A 70 ans, le chanteur, qui fut poussé sur scène par Barbara, retrouve peu à peu la santé en cultivant son éternelle misanthropie romantique.
- « Dans quel esprit êtes-vous actuellement ? »
- « Il me reste quelques concerts d'ici à la fin de l'année. J'ai récupéré 60% de mon énergie, j'ai retrouvé un peu de souffle. J'ai quand même failli crever. Maintenant je suis content. Heureux de vivre ? Non, je ne l'ai jamais été. »
- « D'où vient votre image de solitaire mélancolique ? »
- « C'est à cause de cette... –j'allais dire un gros mot– de chanson, Un homme heureux. Et puis, j'étais très ami avec Barbara, et c'est vrai qu'on partageait une certaine mélancolie. Sauf que, chez nous deux, c'était plus proche d'une certaine forme de romantisme que de la tristesse. Il ne s'agit pas de regrets ou d'un côté "C'était mieux avant". J'avoue avoir tendance à apprécier les chansons, les films qui ont d'une certaine manière une sentimentalité. »
- « Un homme heureux, c'est si lourd à porter ? »
- « C'est un peu une casserole aux fesses. Quand j'ai débuté, j'avais droit sans cesse à Rock'n'dollars. Ensuite, avec Un homme heureux, c'était cuit pour moi ! Ce titre m'a marqué au fer. C'est déjà bien de laisser une trace de cette sorte. Mais lorsque je suis invité quelque part, on me demande automatiquement ça. On ne va jamais, ou rarement chercher une autre chanson de mon répertoire. Et il y en a pourtant de bien plus intéressantes. Tout cela ne s'arrange pas avec l'époque, qui ne recherche que l'efficacité. »

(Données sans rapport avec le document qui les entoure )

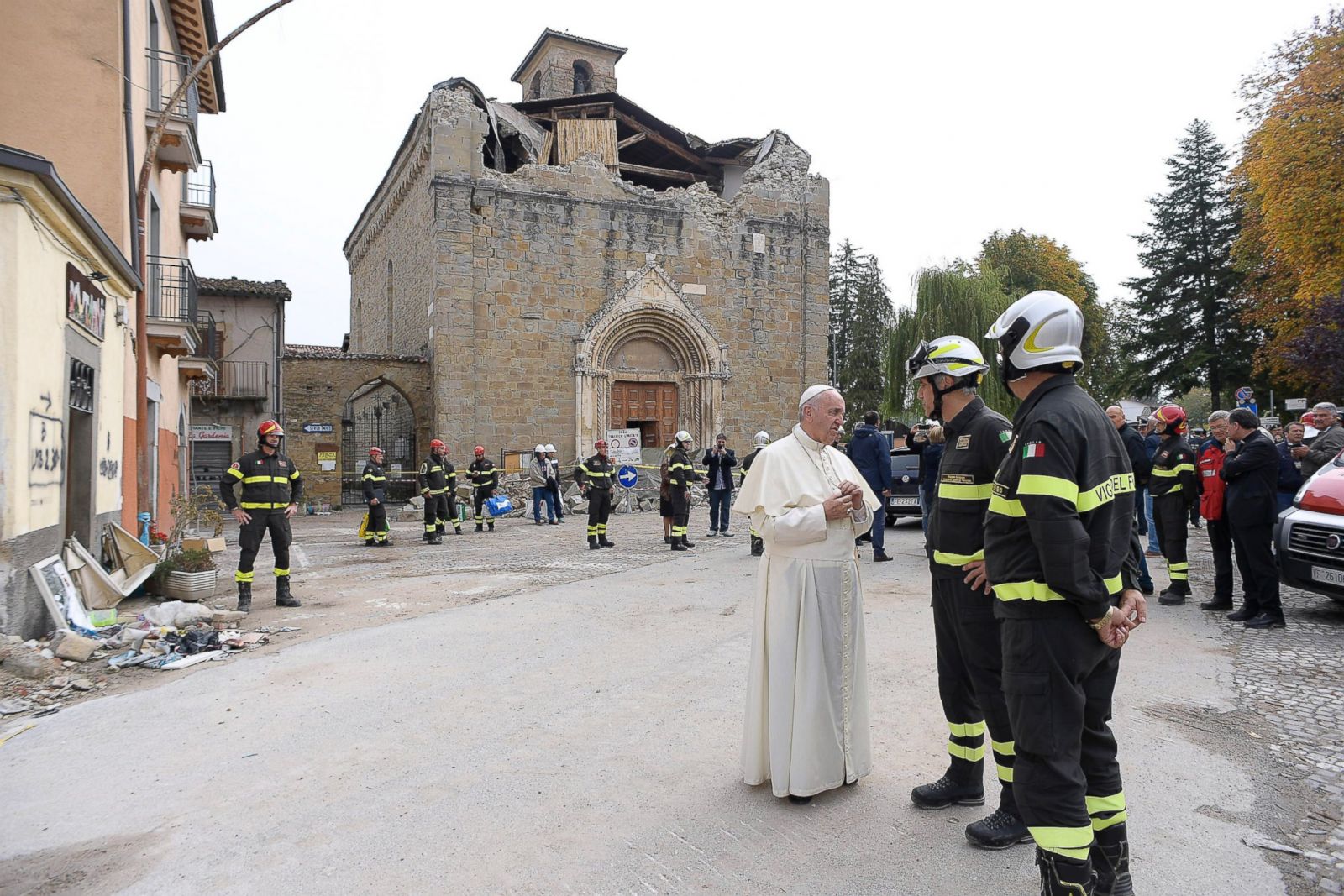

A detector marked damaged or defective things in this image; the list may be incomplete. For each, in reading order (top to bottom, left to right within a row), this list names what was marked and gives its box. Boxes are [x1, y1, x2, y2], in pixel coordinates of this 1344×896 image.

damaged stone church [336, 29, 827, 469]
broken concrete block [50, 631, 97, 666]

- « En seriez-vous là sans Barbara ? »
- « Je n'aurais indéniablement pas fait la même chose. Elle voulait que je chante, elle n'en démordait pas. Elle me disait que je ne devais pas perdre mon temps a écrire des trucs qui resteraient confidentiels. Je pense qu'elle m'a fait vivre dans un monde musical qui m'a beaucoup influencé et je peux lui dire merci. J'ai habité dans sa maison pendant pas mal de temps. Elle était capbale de me réveiller à trois heures du matin pour me demander un conseil pour un accord qu'elle n'arrivait pas à trouver sur son piano. Maintenant, tout le monde la chante... »
- « Votre voix, vous l'aimez ? »
- « Au début c'était compliqué. Maintenant je m'y suis fait. Je me suis calmé au fil des années, je me suis rendu compte que ce n'était pas la peine de chanter fort. La mode, aujourd'hui, c'est de gueuler en anglais. Est-ce le style du moment ou un manque d'inspiration ? »
- « Allez vous continuer à chanter longtemps ? »
- « Plus de la même manière en tout cas. Le piano, j'en ai un peu ma claque ! J'ai envie de m'entouer de musiciens qui sont plus de mon monde, qui me permettent de donner davantage de feuillage dans le paysage. J'ai le droit désormais de poser mon cul sur un transat en réfléchissant à quelque chose de nouveau et qui se fera en temps voulu. »
- « Envisagez-vous d'écrire vos Mémoires ? »
- « Je suis en train de m'y atteler. C'est long, pénible... Quand on arrive à 70 ans, il y a des épisodes de sa vie qu'on place avant d'autres. Cela risque de me prendre une bonne année. je veux le faire avec mes mots; je suis très attaché au style. »
- « Avez-vous mené la vie que vous désiriez? »
- « A part la musique, jamais ! Vous savez, les misanthropes sont toujours des personnes cruellement insatisfaites. »
* William Sheller le 10 décembre, 20 H Salle Pleyel, 252 rue du faubourg Saint-Honoré, 8e.